→ **Exercise directions**: What you return must be the full listing, word for word, with no images in it.

→ **Data excerpts**:
───

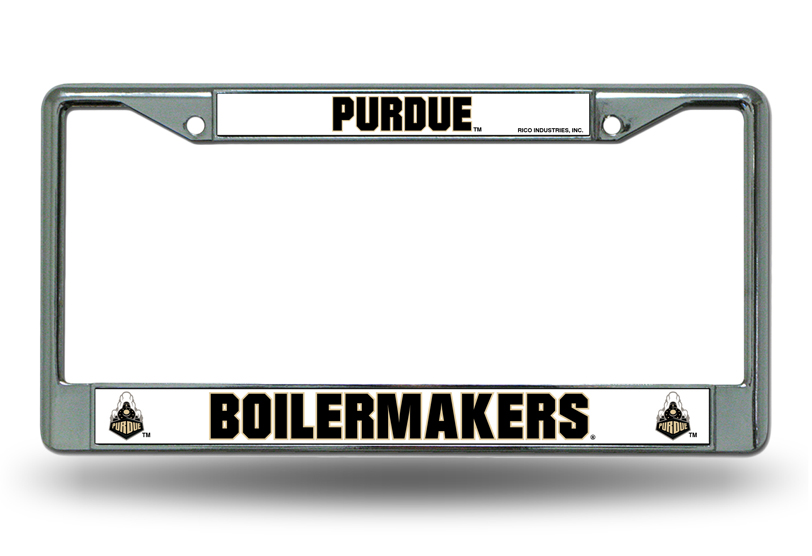 Purdue Boilermakers Chrome License Plate Frame  Free SCREW Caps with this Frame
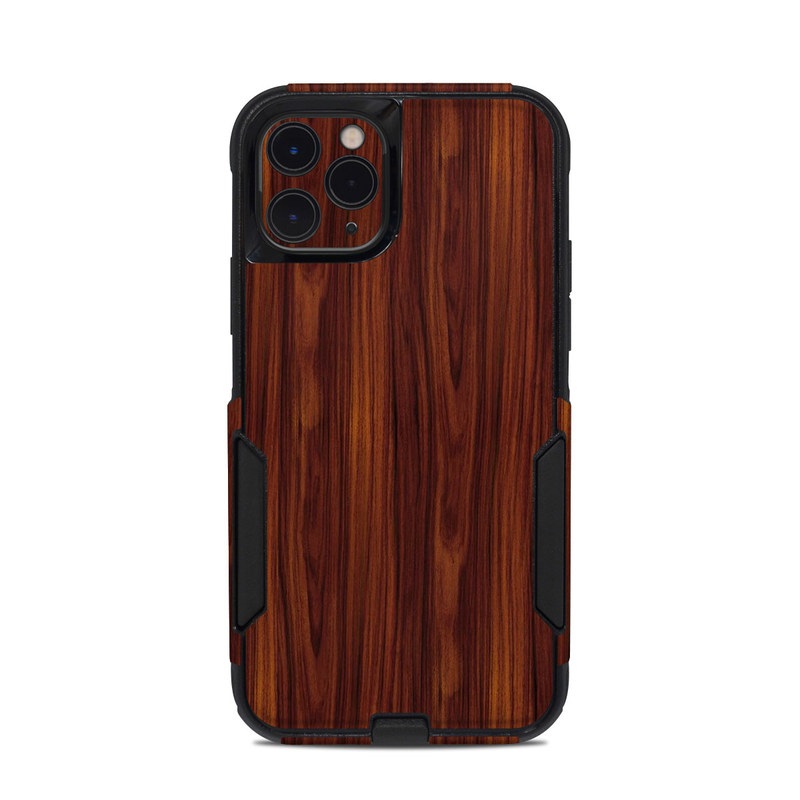 OtterBox Commuter iPhone 11 Pro Case Skin design of Wood, Red, Brown, Hardwood, Wood flooring, Wood stain, Caramel color, Laminate flooring, Flooring, Varnish, with black, red colors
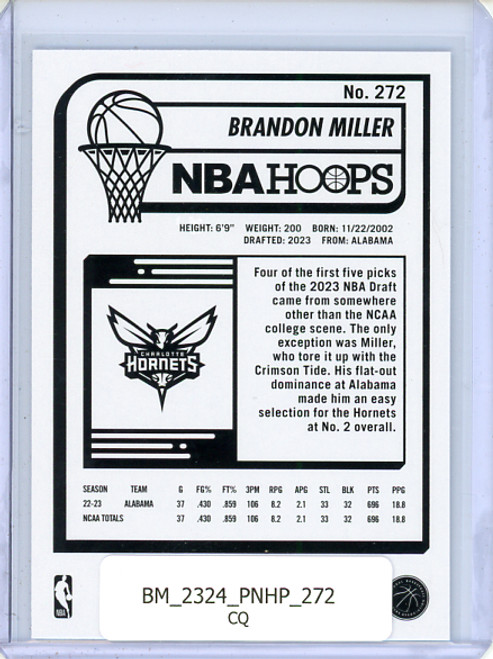 Brandon Miller 2023-24 Hoops #272 (CQ)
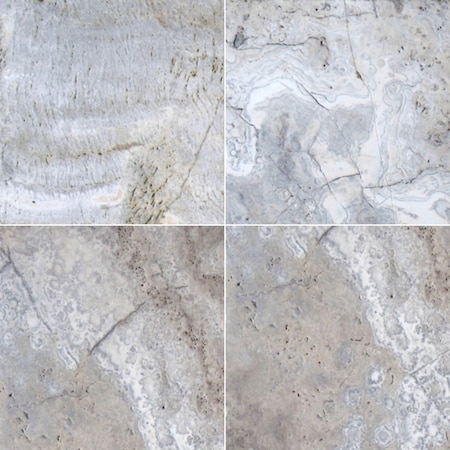 Msi Tuscany Silver 8 in. x 8 in. Tumbled Travertine Paver Tile ZOR-LSC-0141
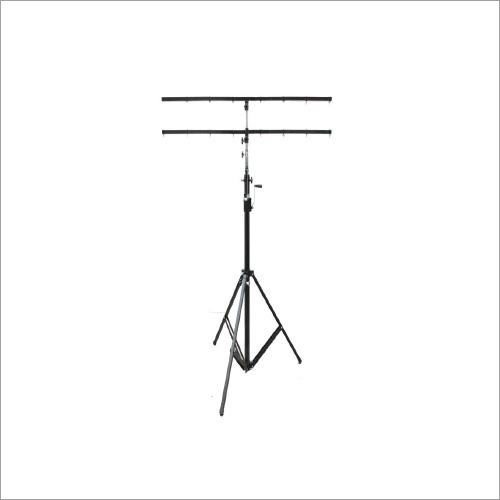 Lt003 Lifting Tower - Mild Steel, 1.5m - 3m Adjustable Height , Black Chrome Polish Finish, 15kg Weight Capacity, 60kg Loading Capacity, Ideal for Events and Exhibitions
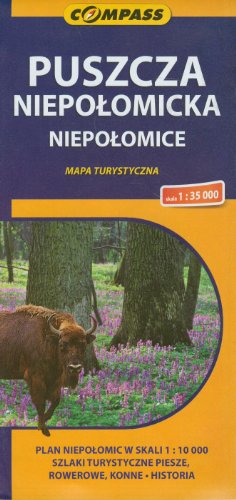 9788376053578: Puszcza Niepolomicka Niepolomice 1:35 000: Mapa turystyczna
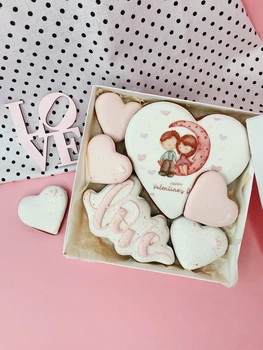 Имбирный пряник Sweets&joys Набор маленький ко Дню святого Валентина№3 15х15 см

───

→ **Result**:
 Purdue Boilermakers Chrome License Plate Frame  Free SCREW Caps with this Frame
 OtterBox Commuter iPhone 11 Pro Case Skin design of Wood, Red, Brown, Hardwood, Wood flooring, Wood stain, Caramel color, Laminate flooring, Flooring, Varnish, with black, red colors
 Brandon Miller 2023-24 Hoops #272 (CQ)
 Msi Tuscany Silver 8 in. x 8 in. Tumbled Travertine Paver Tile ZOR-LSC-0141
 Lt003 Lifting Tower - Mild Steel, 1.5m - 3m Adjustable Height , Black Chrome Polish Finish, 15kg Weight Capacity, 60kg Loading Capacity, Ideal for Events and Exhibitions
 9788376053578: Puszcza Niepolomicka Niepolomice 1:35 000: Mapa turystyczna
 Имбирный пряник Sweets&joys Набор маленький ко Дню святого Валентина№3 15х15 см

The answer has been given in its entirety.